Continuing the analysis of possible Art. I authority for applying the Material Support of Terrrorism statute to three Somali nationals fighting on behalf of al-Shabab in Somalia, with no identifiable link to the U.S. – other than being brought here for trial.

War Powers
The U.S. is not at war with Shabab. They are at war with our pals, Somalia’s notional Transitional government, in a civil war to which we are not a party. It is important to distinguish enemies in the “really hate” sense to war in the constructive or declarative sense.

True, Shabad has aligned itself with Al-Queda. Do the War Powers allow banning anyone in the world from fighting in a conflict to which the U.S. is not a party, but on behalf of a force sympathetic or allied with forces hostile to the U.S.? I don’t know, but my first reaction is that is a stretch. By such logic one could say that the ACA, by making healthier Americans, would make for better soldiers.

Note how this discussion recapitulates government’s move in Hamdan II: first it the argued “material support” rule was an exercise of Offenses Clause powers, then in last minute downgraded D&P to second-stringer, and brought out the general war powers for Art. I support.


With the Supreme Court having declared a limit on the Commerce Clause, the Treaty Power may remain the broadest, least defined governmental power. I do not think general treaties denouncing terrorism would be enough; they specifically do not do what the U.S. wants to do here – establish universal jurisdiction over the crime. Much easier would be to sign a quick executive agreement with the nominal government of part of Somalia, over which the U.S. presumably has a lot of control as it struggles between being nominal and dead.

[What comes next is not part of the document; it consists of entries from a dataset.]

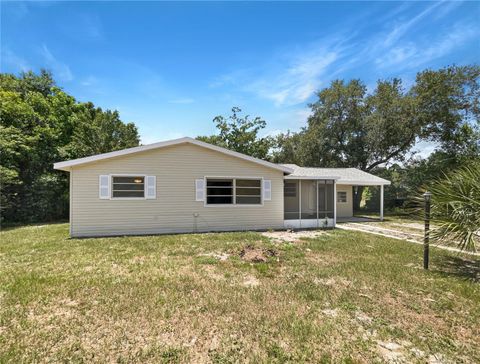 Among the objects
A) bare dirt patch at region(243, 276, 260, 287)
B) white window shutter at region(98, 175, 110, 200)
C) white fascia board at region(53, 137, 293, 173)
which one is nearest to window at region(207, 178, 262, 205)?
white fascia board at region(53, 137, 293, 173)

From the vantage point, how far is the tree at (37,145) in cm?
1412

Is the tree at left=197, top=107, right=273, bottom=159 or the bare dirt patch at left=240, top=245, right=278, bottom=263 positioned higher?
the tree at left=197, top=107, right=273, bottom=159

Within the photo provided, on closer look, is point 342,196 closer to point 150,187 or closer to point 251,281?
point 150,187

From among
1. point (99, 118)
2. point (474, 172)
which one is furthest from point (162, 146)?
point (99, 118)

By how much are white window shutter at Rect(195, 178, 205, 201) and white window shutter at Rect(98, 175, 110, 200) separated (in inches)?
136

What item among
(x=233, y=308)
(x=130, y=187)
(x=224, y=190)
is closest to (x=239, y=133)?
(x=224, y=190)

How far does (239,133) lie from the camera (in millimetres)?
27172

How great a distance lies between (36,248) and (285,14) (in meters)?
12.1

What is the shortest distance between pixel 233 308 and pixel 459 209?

To be sure, a non-treaty treaty with a non-governing government could be an illustration of the possible excesses of the Treaty power as broadly interpreted. But it might serve the government in a pinch.

Protective Jurisdiction
Assuming their is an Art. I basis, one might ask whether this application of the law would be consistent with international law. Lacking a universal jurisdiction crime, the next fall-back would be “protective jurisdiction.” Definitions of the protective principle require the acts to be “directed against the security of the state” or certain core interests (Restatement). Classic examples have a tight nexus: espionage, counterfeiting. Designation as a foreign terrorist, on the other hand, only requires a determination that the group “threatens” the national security of U.S. or its nationals. I don’t think “threaten” in this context requires any particular intent. Moreover, posing some danger to some U.S. nationals overseas would probably not qualify for the invocation of the protective principle either.